彼は日頃穏和な人物であるが、この時ばかりは眦上げて怒り、自ら剣を掲げ先陣に躍り出る程の気迫と勢いだった。
その気炎に誘われてか、敬神党の士気そのものは衰えても、隊士らの攻め手は一向に止むを知らぬず、斃れても斃れても我武者羅に攻め寄せた。
鎮台軍の兵士達はその鬼神さながらの攻めに、恐れを抱きながらも頼りの小銃を握り締め、只管引き金を引き続けるのである。
―ドンッ・・・ドンッ・・
数発の銃声がひときわ大きく聞こえる。
その直後にどっと何かが崩れる音が響いた。
辺りは銃声と怒声の入り混じった、激しい戦場であるにも関わらず何か時間が止まった様なそんな錯覚に見舞われた。
「太田黒先生!」
「新開!」
「先生!!」
駆け寄る足音がバタバタと聞こえる。
銃声は未だ止まず。
斃れる音と、銃声と、人々のざわめく声と、様々な音が入り混じるこの場所で、悲痛な声が木霊した。
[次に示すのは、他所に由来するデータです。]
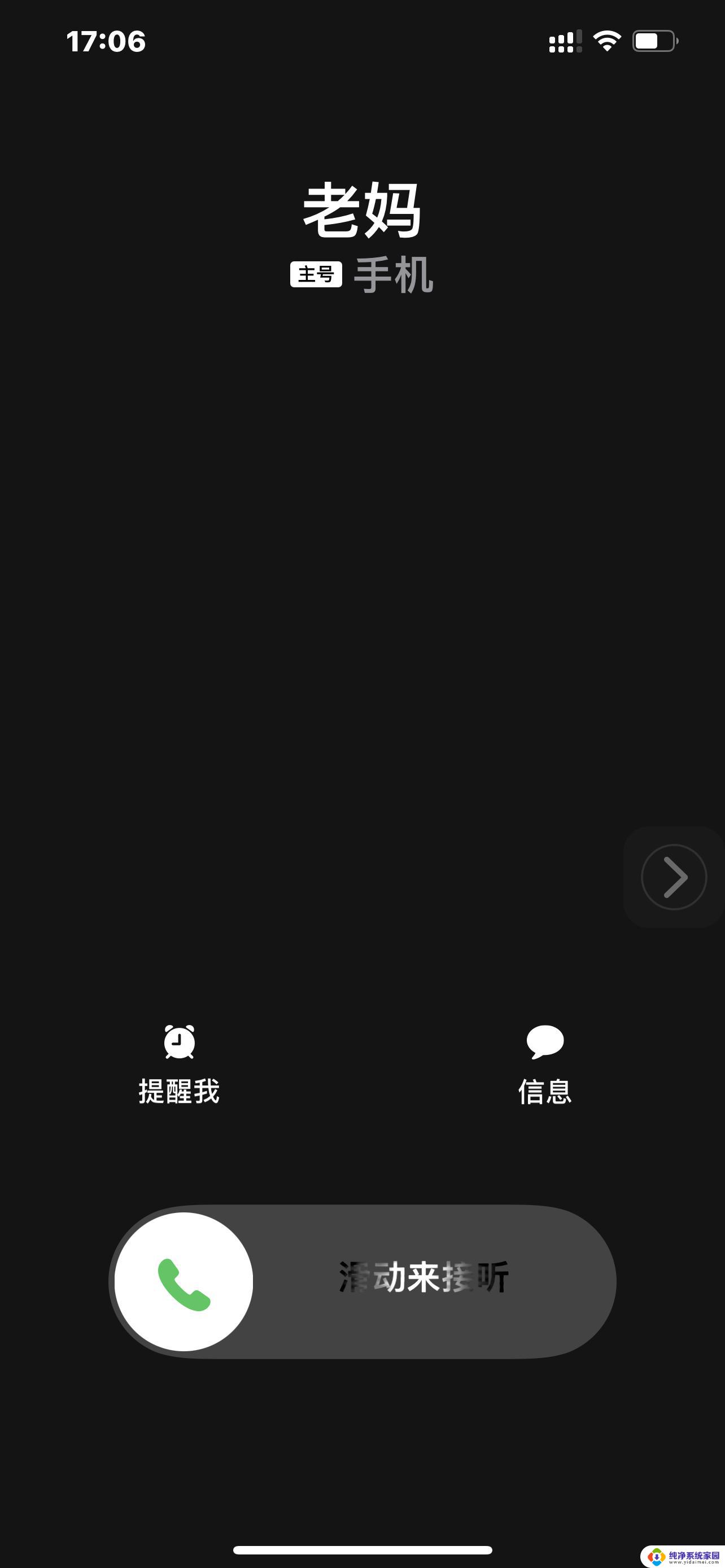 打电话时候屏幕为什么老是黑 手机打电话时屏幕变暗怎么调节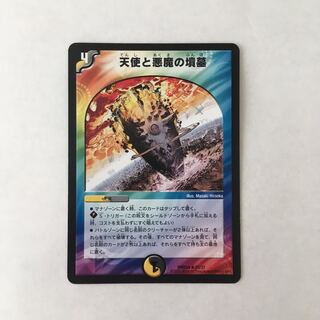 J81 天使と悪魔の墳墓 デュエマ トレトレ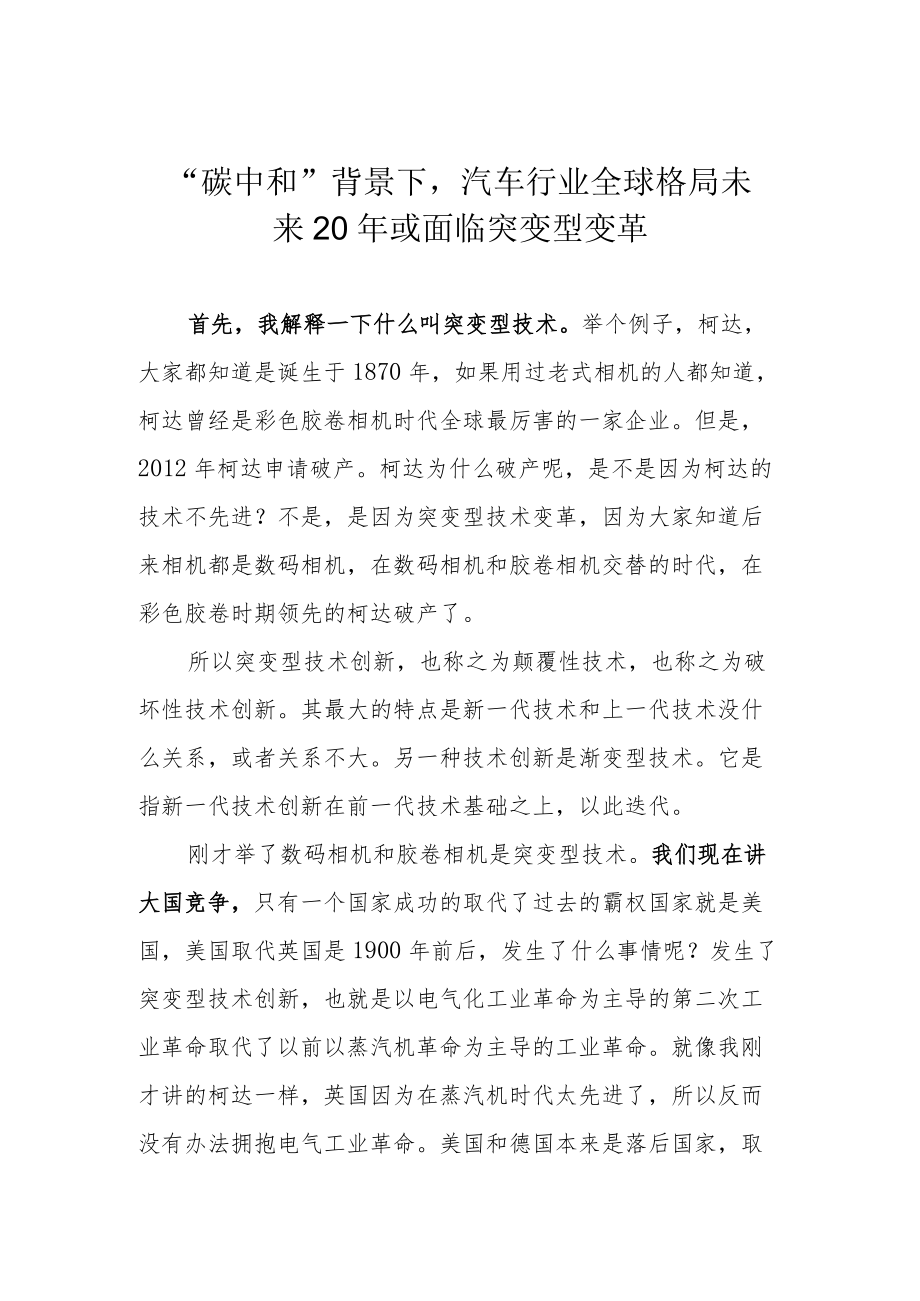 “碳中和”背景下汽车行业全球格局未来20或面临突变型变革.docx_第1页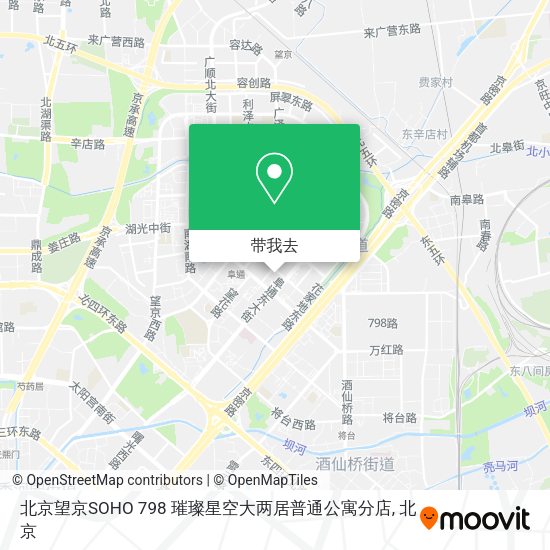 北京望京SOHO 798 璀璨星空大两居普通公寓分店地图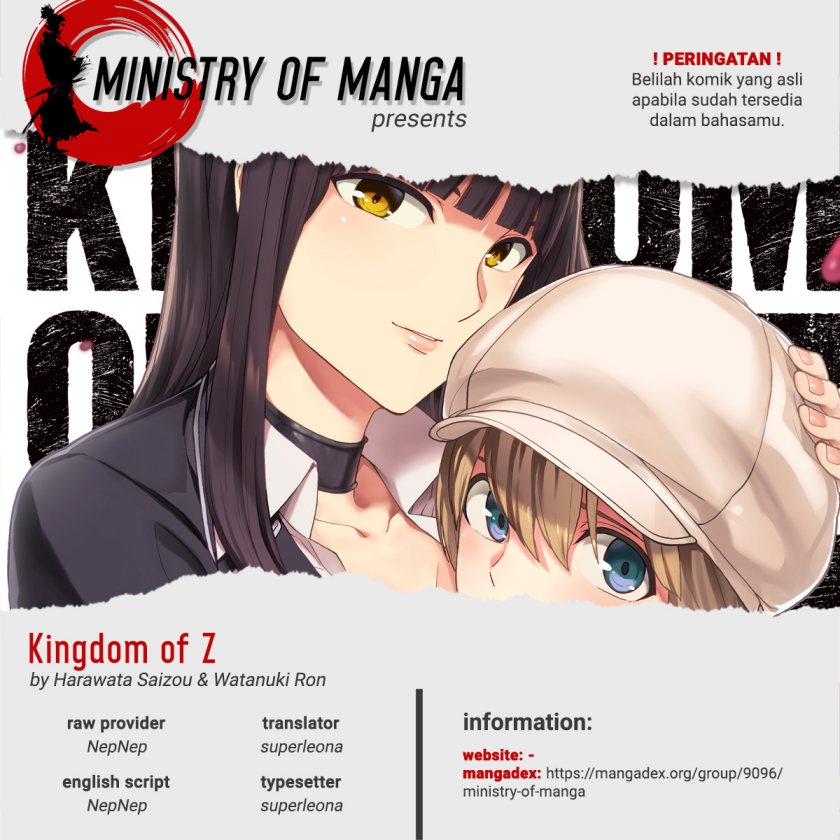 Dilarang COPAS - situs resmi www.mangacanblog.com - Komik kingdom of the z 024 - chapter 24 25 Indonesia kingdom of the z 024 - chapter 24 Terbaru 0|Baca Manga Komik Indonesia|Mangacan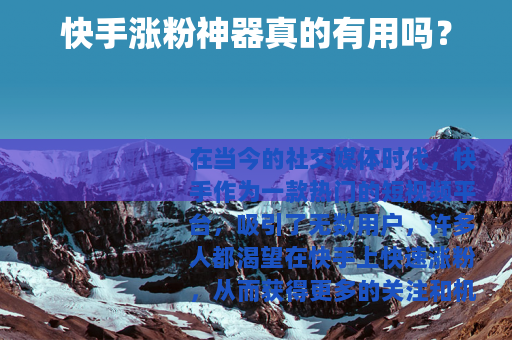 快手涨粉神器真的有用吗？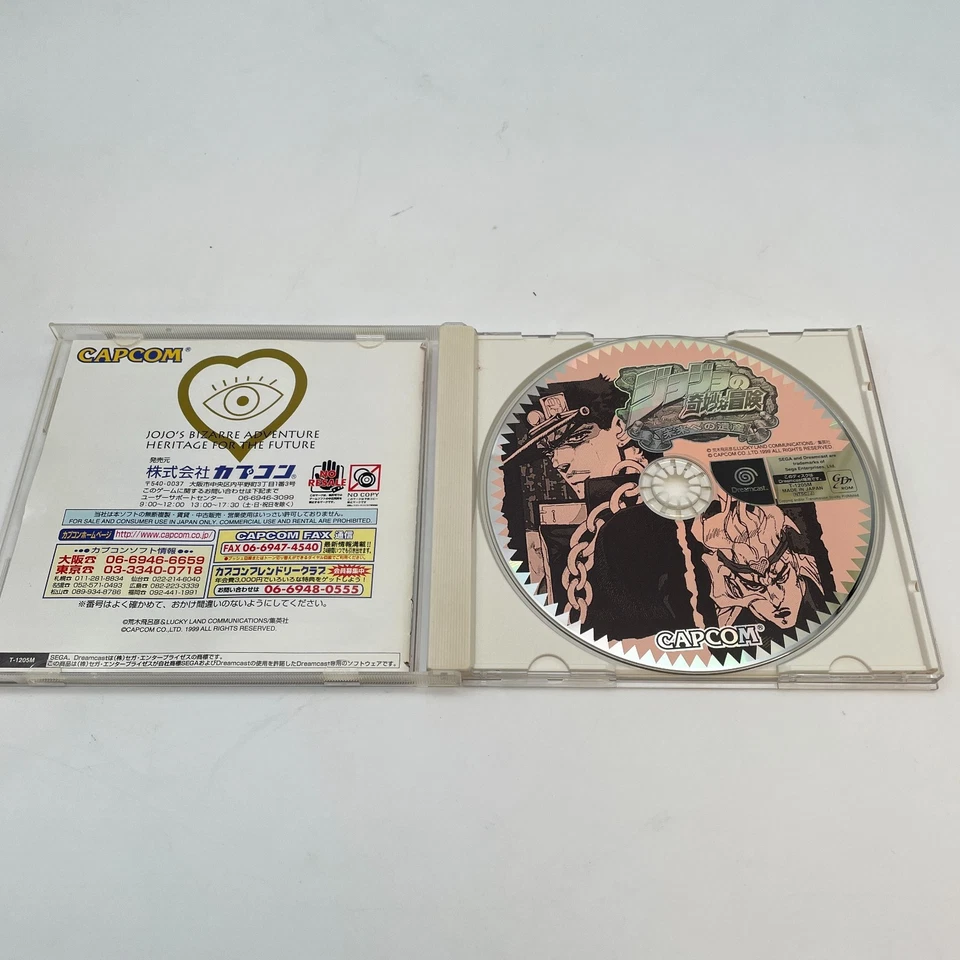 JoJo's Bizarre Adventure Heritage for the Future Capcom Sega Dreamcast 1999 - Image 4 of 4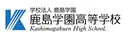 鹿島学園高等学校
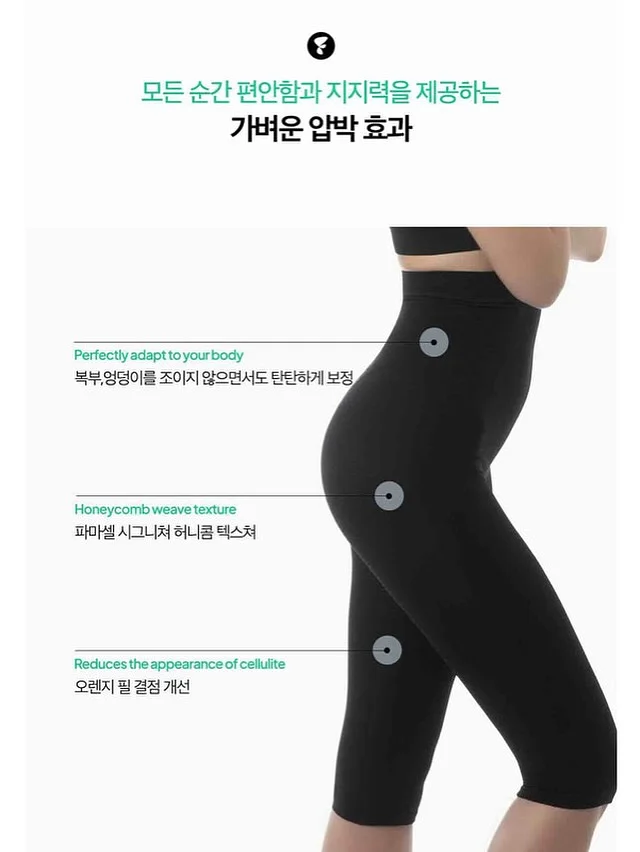 마이멜로디 무드등 6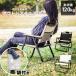  уличный стул складной стул складной стул легкий складной . цветок видеть кемпинг BBQ рыбалка упаковочный пакет имеется ручка имеется .komi высота оценка удобный 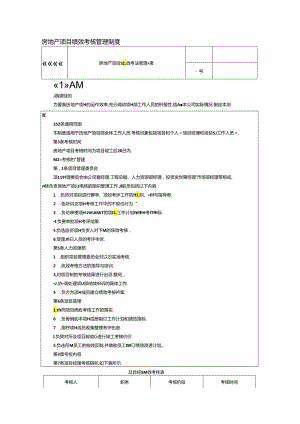 房地产项目绩效考核管理制度.docx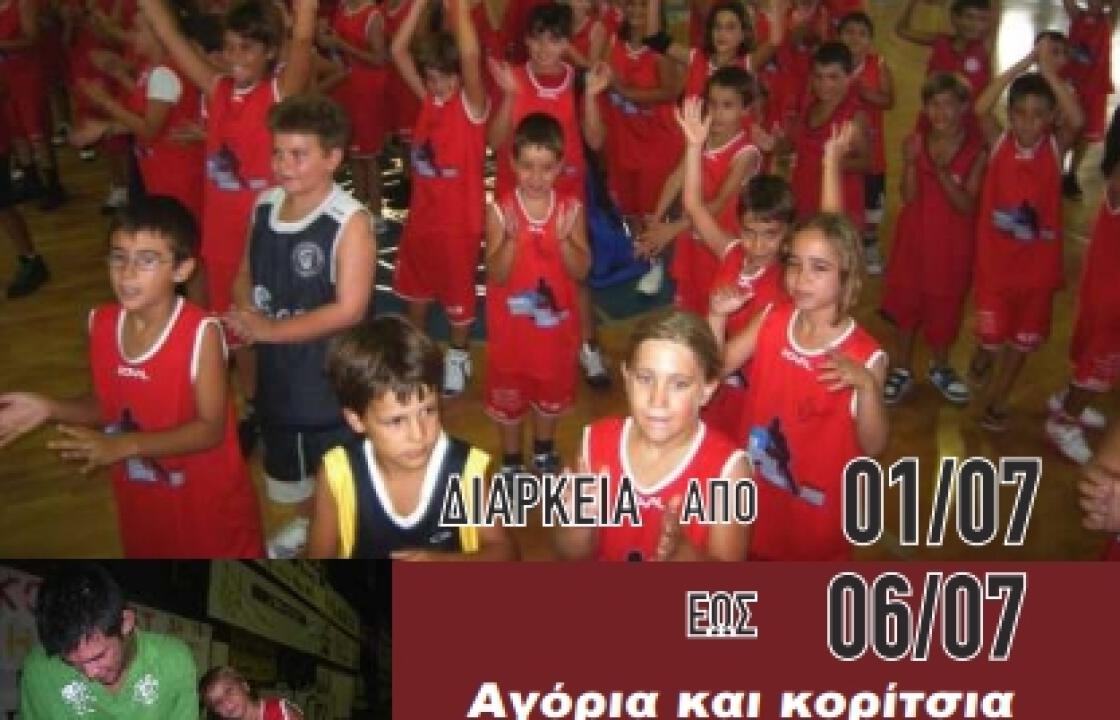 Tο 9o Kos basketball Camp είναι γεγονός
馬が声の間をすり抜けて走り去っていくが、果たして何ぞあったろうか。
隊士のみならず、鎮台兵らも訝り馬の行方に目をやった後、その出先を覗く。
誰かやられたか―・・・
隊士達は、馬に乗った誰かがやられたと察した。
しかし、あの聞こえてきた悲痛な声は自身らの敗北を意味するものだとも察していた。
「太田黒先生がやられた!皆一時撤退せよ!!」
歩兵営を指揮する部隊の長、富永守国の声である。
どうやら、予感は的中し首領・太田黒が被弾したらしい。
泣き叫びに近い仲間の声と、富永の撤退命令。